The Forklifted Application

July 31, 2015 Josh Long

 

sfeatured-cloud-foundryThis content is part of the upcoming book on Cloud-Native Java that I am writing with Kenny Bastani on building Cloud-Native applications with Spring and Cloud Foundry. Josh
 
 
 
 

The Contract

Community and customers alike are moving as much of their workloads to platforms like Cloud Foundry as possible. Cloud Foundry aims to improve velocity by reducing or at least making consistent the operational concerns associated with deploying and managing applications. Cloud Foundry is an ideal place to run online web-based services and applications, service integrations and back-office type processing.

Cloud Foundry optimizes for the continuous delivery of web applications and services by making assumptions about the shape of the applications it runs. The inputs into Cloud Foundry are applications—Java .jars, Ruby on Rails applications, Node.js applications, etc. Cloud Foundry provides well-known operational benefits (log aggregation, routing, self-healing, dynamic scale-up and scale-down, etc.) to the applications it runs. There is an implied contract between the platform and the applications that it runs. This contract allows the platform to keep promises about the services it provides.

Some applications may never be able to meet that contract. Other applications might be able to, albeit with some soft-touch adjustments. We will focus on the various strategies and soft-adjustments for coercing legacy applications to run on Cloud Foundry.

The goal isn’t, in this case, to build an application that’s native to the cloud. It’s to move existing workloads to the cloud to reduce the operational surface area, increase uniformity and improve velocity. Once an application is deployed on Cloud Foundry it is at least as well off as it was before and now you have one less snowflake environment.

I distinguish this type of workload migration—application forklifiting—from building a Cloud-Native application.
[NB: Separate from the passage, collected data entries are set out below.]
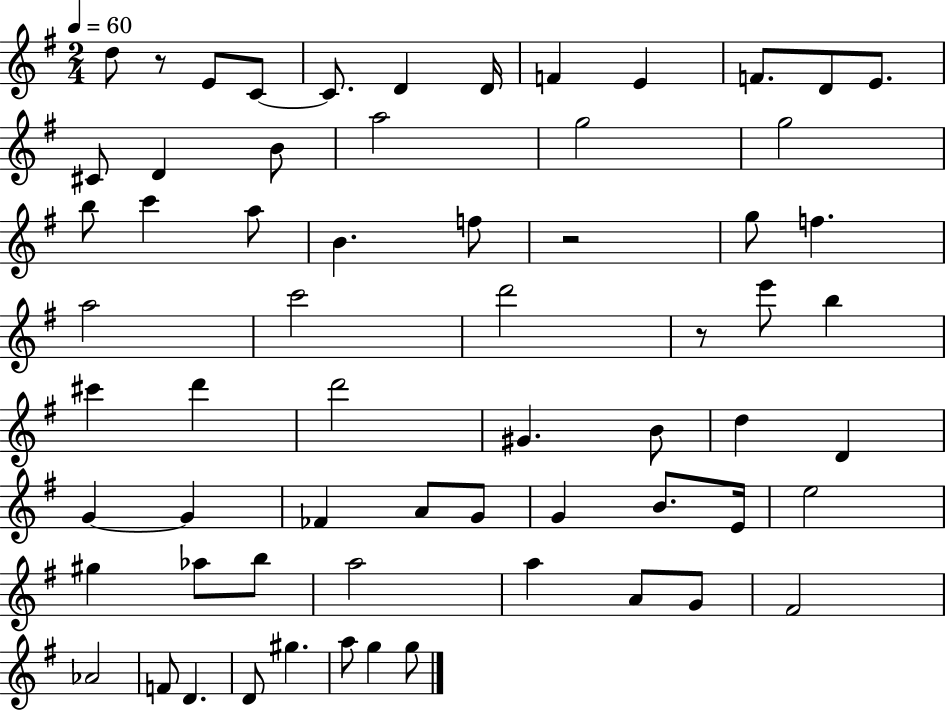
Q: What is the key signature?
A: G major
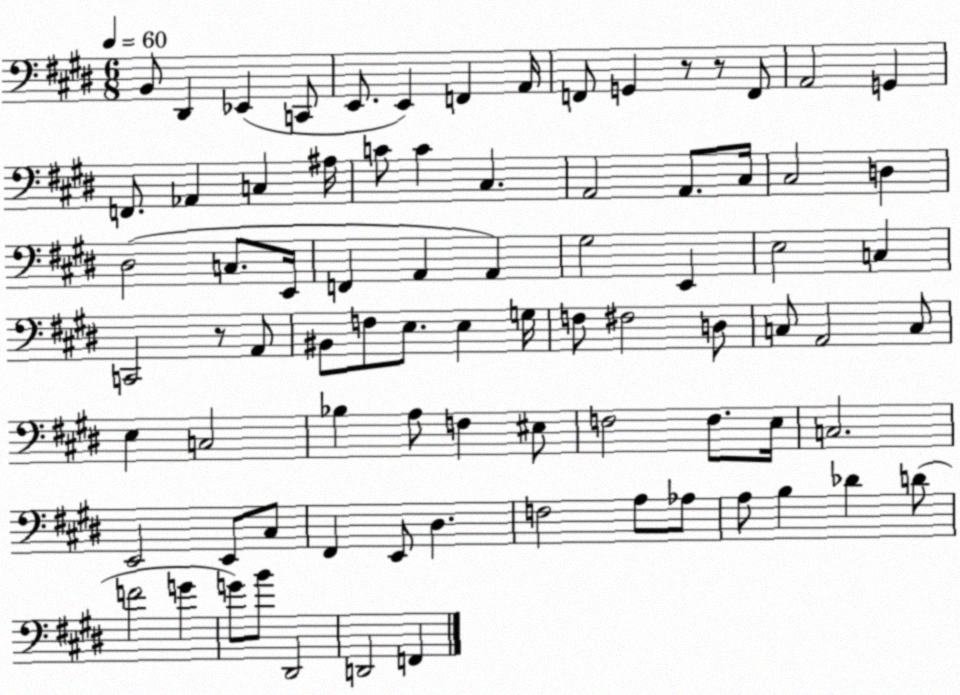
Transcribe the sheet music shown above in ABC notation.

X:1
T:Untitled
M:6/8
L:1/4
K:E
B,,/2 ^D,, _E,, C,,/2 E,,/2 E,, F,, A,,/4 F,,/2 G,, z/2 z/2 F,,/2 A,,2 G,, F,,/2 _A,, C, ^A,/4 C/2 C ^C, A,,2 A,,/2 ^C,/4 ^C,2 D, ^D,2 C,/2 E,,/4 F,, A,, A,, ^G,2 E,, E,2 C, C,,2 z/2 A,,/2 ^B,,/2 F,/2 E,/2 E, G,/4 F,/2 ^F,2 D,/2 C,/2 A,,2 C,/2 E, C,2 _B, A,/2 F, ^E,/2 F,2 F,/2 E,/4 C,2 E,,2 E,,/2 ^C,/2 ^F,, E,,/2 ^D, F,2 A,/2 _A,/2 A,/2 B, _D D/2 F2 G G/2 B/2 ^D,,2 D,,2 F,,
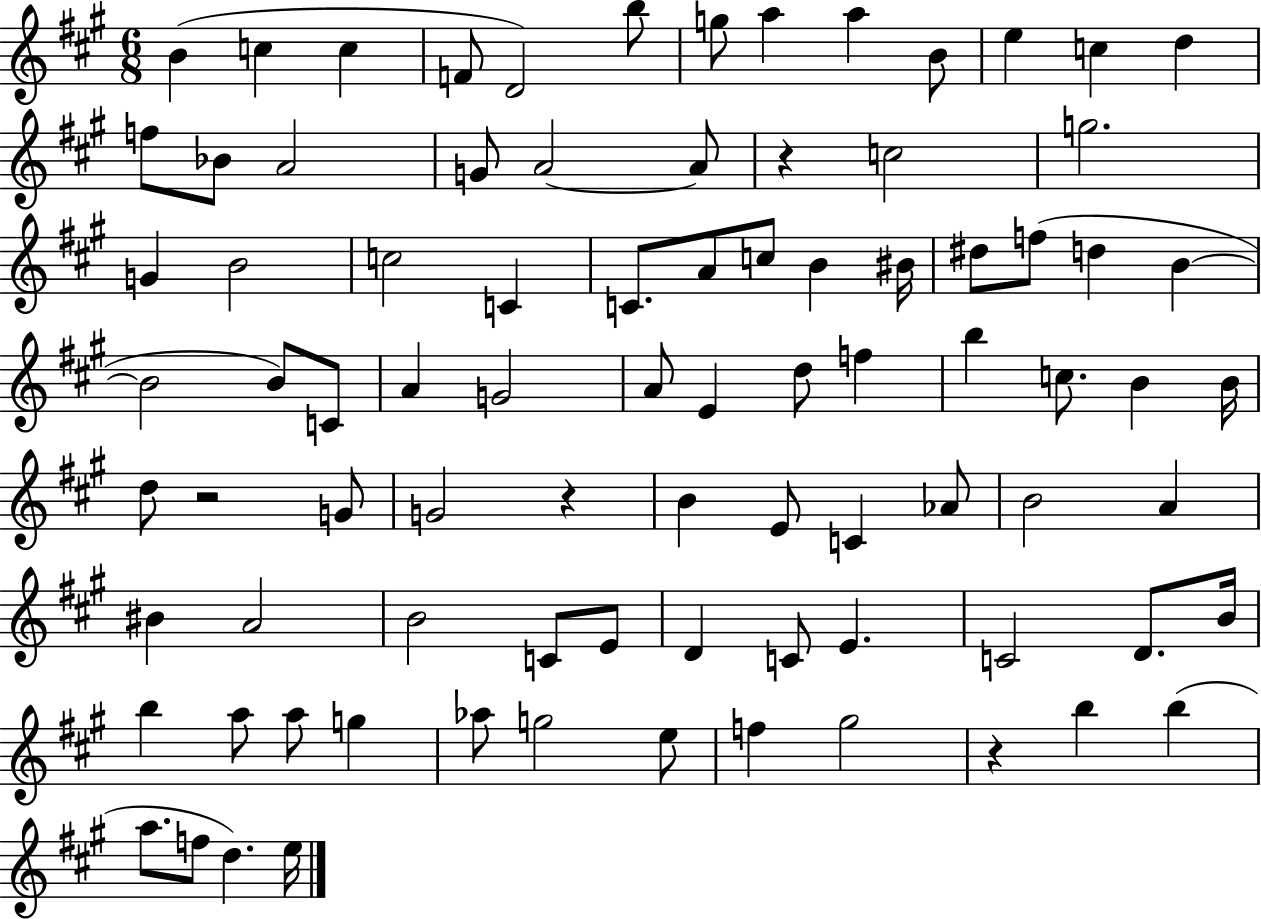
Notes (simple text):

B4/q C5/q C5/q F4/e D4/h B5/e G5/e A5/q A5/q B4/e E5/q C5/q D5/q F5/e Bb4/e A4/h G4/e A4/h A4/e R/q C5/h G5/h. G4/q B4/h C5/h C4/q C4/e. A4/e C5/e B4/q BIS4/s D#5/e F5/e D5/q B4/q B4/h B4/e C4/e A4/q G4/h A4/e E4/q D5/e F5/q B5/q C5/e. B4/q B4/s D5/e R/h G4/e G4/h R/q B4/q E4/e C4/q Ab4/e B4/h A4/q BIS4/q A4/h B4/h C4/e E4/e D4/q C4/e E4/q. C4/h D4/e. B4/s B5/q A5/e A5/e G5/q Ab5/e G5/h E5/e F5/q G#5/h R/q B5/q B5/q A5/e. F5/e D5/q. E5/s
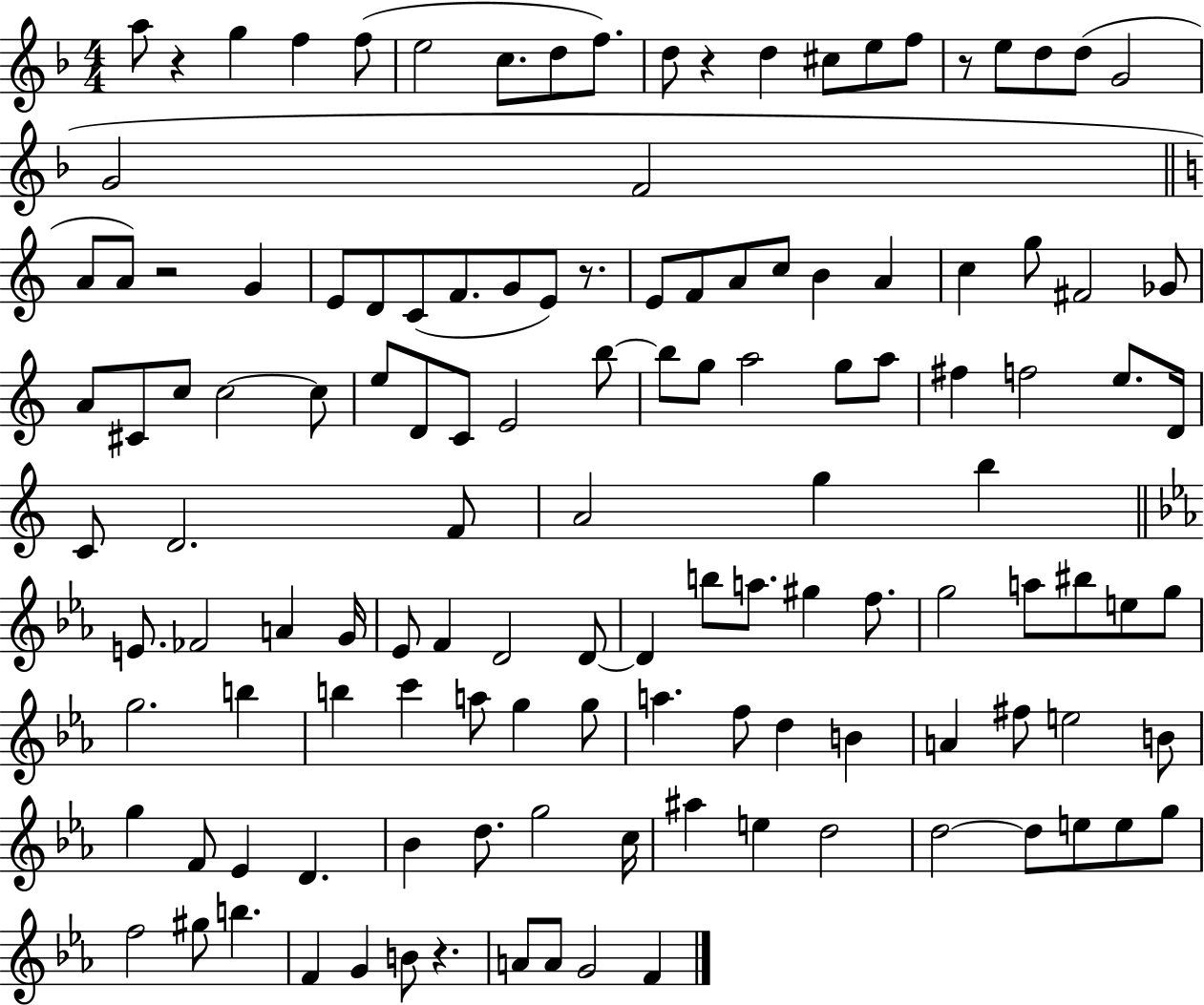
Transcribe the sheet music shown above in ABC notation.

X:1
T:Untitled
M:4/4
L:1/4
K:F
a/2 z g f f/2 e2 c/2 d/2 f/2 d/2 z d ^c/2 e/2 f/2 z/2 e/2 d/2 d/2 G2 G2 F2 A/2 A/2 z2 G E/2 D/2 C/2 F/2 G/2 E/2 z/2 E/2 F/2 A/2 c/2 B A c g/2 ^F2 _G/2 A/2 ^C/2 c/2 c2 c/2 e/2 D/2 C/2 E2 b/2 b/2 g/2 a2 g/2 a/2 ^f f2 e/2 D/4 C/2 D2 F/2 A2 g b E/2 _F2 A G/4 _E/2 F D2 D/2 D b/2 a/2 ^g f/2 g2 a/2 ^b/2 e/2 g/2 g2 b b c' a/2 g g/2 a f/2 d B A ^f/2 e2 B/2 g F/2 _E D _B d/2 g2 c/4 ^a e d2 d2 d/2 e/2 e/2 g/2 f2 ^g/2 b F G B/2 z A/2 A/2 G2 F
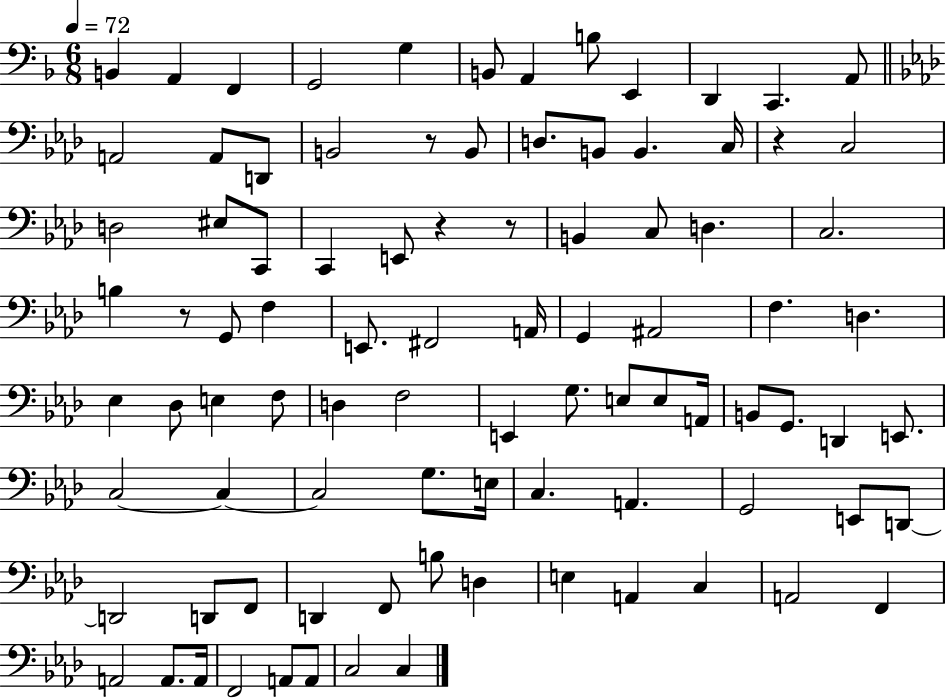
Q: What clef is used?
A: bass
Much of what wetalk about these days is about building Cloud-Native applications—applications that live and breathe in the cloud (they inhale and exhale as demand dictates) and that fully exploit the platform. That journey, while ideal and worth taking assuming the reward on investment is tangible, is the subject of a different, much longer discussion.

Applications, broadly speaking, are the sum of their environment and their code. In this post, we’ll look at strategies for moving a legacy Java application from some of the environments that legacy Java applications typically live in. Many of these strategies can be generalized to apply to other languages and runtimes.

Migrating Application Environments

There are some qualities that are common to all applications, and those qualities—like RAM and DNS routing—are configurable directly through the cf tool, various dashboards, or in an application’s manifest.yml file. If your application is a compliant application that just needs more RAM, then you should be all set.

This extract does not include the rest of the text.